LaurentRDC / javelin

Haskell implementation of series, or labeled one-dimensional arrays.
https://hackage.haskell.org/package/javelin
18 stars 2 forks source link

Feature request: a lazy interface #2

Open LaurentRDC opened 11 months ago

LaurentRDC commented 11 months ago

Discussion on the Haskell Discourse instance has brought up an application which cannot be executed using javelin 0.1.0.0:

In a huge storage I have time series of a thousand devices over a year, approximately in second resolution. I want to compute the temporal mean of the standard deviation over devices of the time series. There is no way to hold all these time series in memory at the same time, so I need some lazy streaming API.

Rust's dataframe library polars also has two interfaces, one strict and one lazy. We might inspire ourselves from this.
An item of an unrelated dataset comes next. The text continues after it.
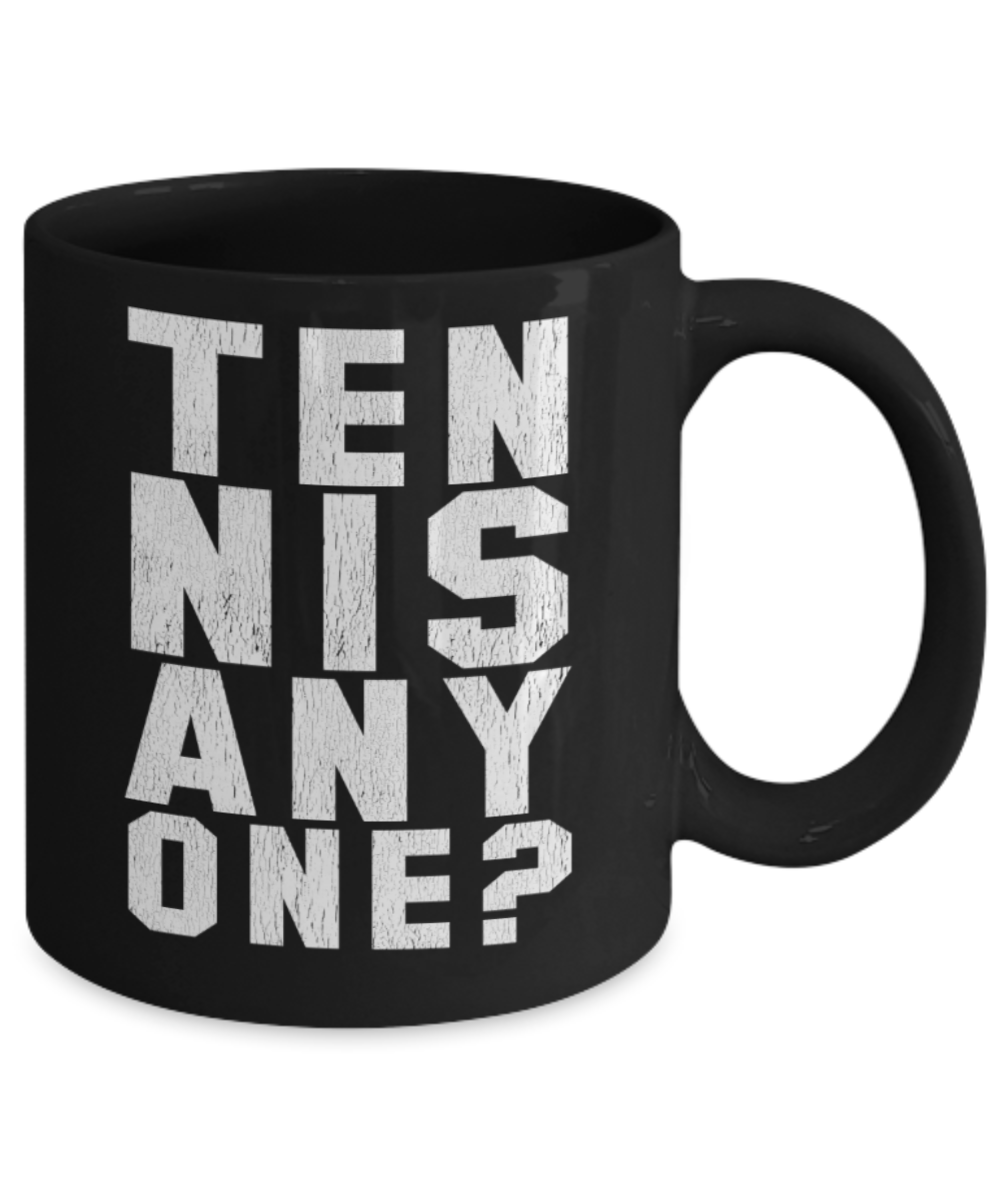 Tennis lovers mugs, Tennis Anyone? - Funny Black Porcelain Coffee 11 oz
LaurentRDC commented 4 months ago

There are multiple sequence types where there is a strict type, and the lazy type is a lazy sequence of strict chunks, for example ByteString and Text.

However, the strict Series in this package have unique ordered indexes always. This is key to performance. If we had a lazy Series type, then we could not guarantee that a Series index is both ordered and unique.

The question is: should the uniqueness and ordering of the strict variant be broken, like pandas? In this case, lazy and strict Series would have very similar semantics.